Napsty / check_smart

Monitoring Plugin to check hard drives, solid state drives and NVMe drives using SMART
https://www.claudiokuenzler.com/monitoring-plugins/check_smart.php
GNU General Public License v3.0
67 stars 20 forks source link

Percent_Lifetime_Remain usage #81

Closed eLvErDe closed 2 years ago

eLvErDe commented 2 years ago

Hello,

I'm not sure to understand how to deal with Percent_Lifetime_Remain, it seems the threshold is working up side down:

./check_smart.pl --device=/dev/sdb --interface=megaraid,14 --selftest --ssd-lifetime --warn Percent_Lifetime_Remain=2
WARNING: Drive  CT120BX300SSD1 S/N 1745E10657F2:  Percent_Lifetime_Remain is non-zero (4), |Raw_Read_Error_Rate=0 Reallocate_NAND_Blk_Cnt=0 Power_On_Hours=31882 Power_Cycle_Count=201 Program_Fail_Count=0 Erase_Fail_Count=0 Ave_Block-Erase_Count=137 Unexpect_Power_Loss_Ct=89 Unused_Reserve_NAND_Blk=44 SATA_Interfac_Downshift=0 Error_Correction_Count=0 Reported_Uncorrect=0 Temperature_Celsius=24 Reallocated_Event_Count=0 Current_Pending_ECC_Cnt=0 Offline_Uncorrectable=0 UDMA_CRC_Error_Count=154 Percent_Lifetime_Remain=4 Write_Error_Rate=0 Success_RAIN_Recov_Cnt=0 Total_LBAs_Written=7218163800 Host_Program_Page_Count=85117225 FTL_Program_Page_Count=131236333
 ./check_smart.pl --device=/dev/sdb --interface=megaraid,14 --selftest --ssd-lifetime --warn Percent_Lifetime_Remain=10
OK: Drive  CT120BX300SSD1 S/N 1745E10657F2: no SMART errors detected.  Percent_Lifetime_Remain is non-zero (4) (but less than threshold 10)|Raw_Read_Error_Rate=0 Reallocate_NAND_Blk_Cnt=0 Power_On_Hours=31882 Power_Cycle_Count=201 Program_Fail_Count=0 Erase_Fail_Count=0 Ave_Block-Erase_Count=137 Unexpect_Power_Loss_Ct=89 Unused_Reserve_NAND_Blk=44 SATA_Interfac_Downshift=0 Error_Correction_Count=0 Reported_Uncorrect=0 Temperature_Celsius=24 Reallocated_Event_Count=0 Current_Pending_ECC_Cnt=0 Offline_Uncorrectable=0 UDMA_CRC_Error_Count=154 Percent_Lifetime_Remain=4 Write_Error_Rate=0 Success_RAIN_Recov_Cnt=0 Total_LBAs_Written=7218163800 Host_Program_Page_Count=85117225 FTL_Program_Page_Count=131236338

and it seems there's is no support for regular Nagios threshold using colon. Can you help me with that ?

Regards, Adam.

Napsty commented 2 years ago

Hi Adam

Take a look at article https://www.claudiokuenzler.com/blog/1077/when-is-solid-state-drive-ssd-dead-analysis-crucial-mx500-1tb. There's an example how the Percent_Lifetime_Remain is working. The name might be confusing in this situation because smartcl "translates" the raw values into increasing counters.

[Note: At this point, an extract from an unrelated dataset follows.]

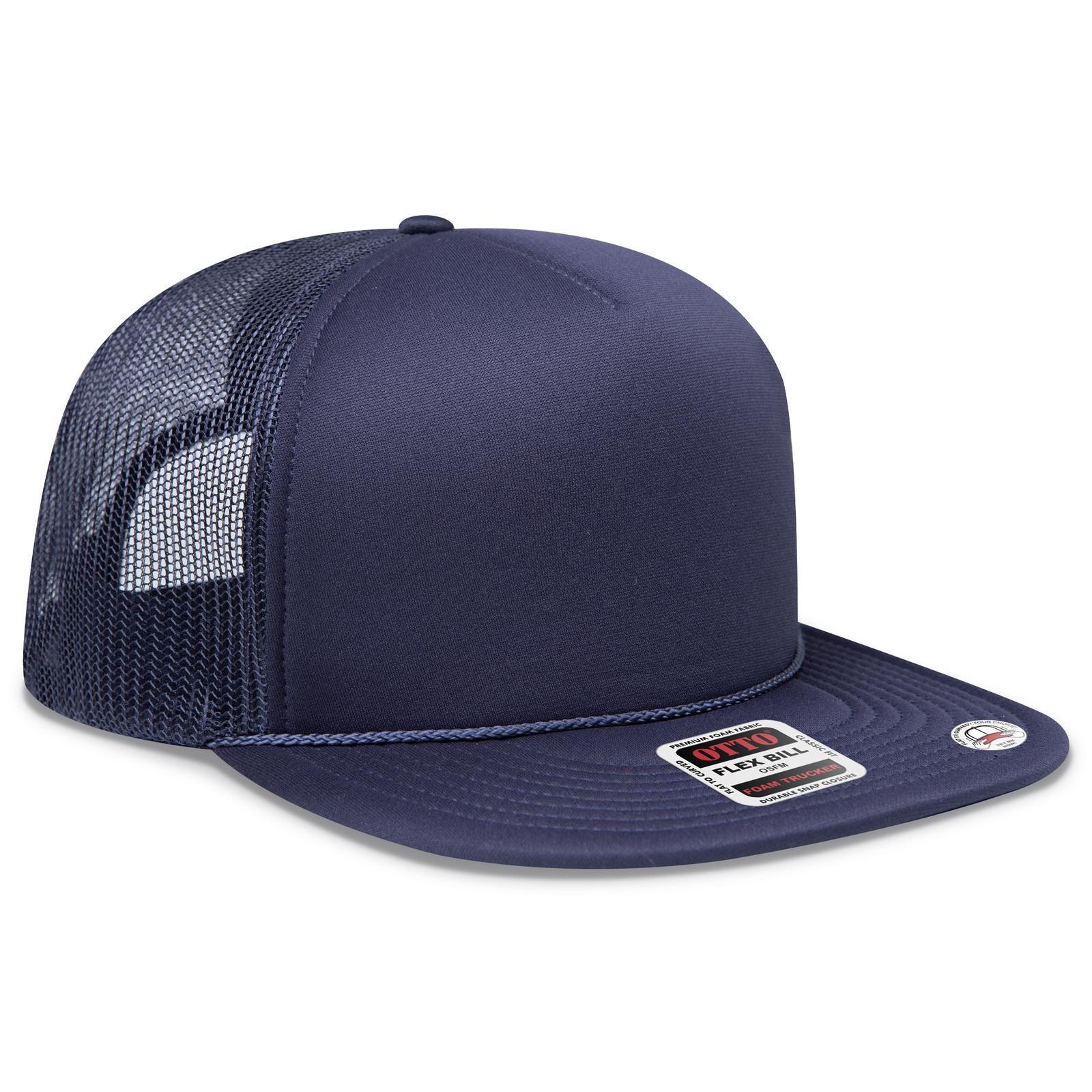 Right View of 004 - Navy OTTO CAP "OTTO SNAP" 5 Panel Pro Style Mesh Back Trucker Snapback Hat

You want to set a warning threshold to a higher value, for example 90. That's what the -l parameter does in the background (adds Percent_Lifetime_Remain=90 to the warning list).

Note that this attribute only seems to exist on Crucial SSD drives.

eLvErDe commented 2 years ago

Oh, okay so it's working reverse actually, you should write this down somewhere ;) So basically with this attribute being 4 the SSD is still brand new

Napsty commented 2 years ago

It's actually somewhere documented in Smartmontools (that the counters are all counting up) but I will add some more info in the documentation, thanks for the hint. Additional information can also be found here: https://www.claudiokuenzler.com/blog/1056/check-smart-6.9.0-pci-device-name-percent-lifetime-remain-ssd-attribute

Yes, value 4 indicates a fairly new drive.

eLvErDe commented 2 years ago

Thanks a lot for all details and for this great check :)

Napsty commented 2 years ago

Documentation on https://www.claudiokuenzler.com/monitoring-plugins/check_smart.php updated.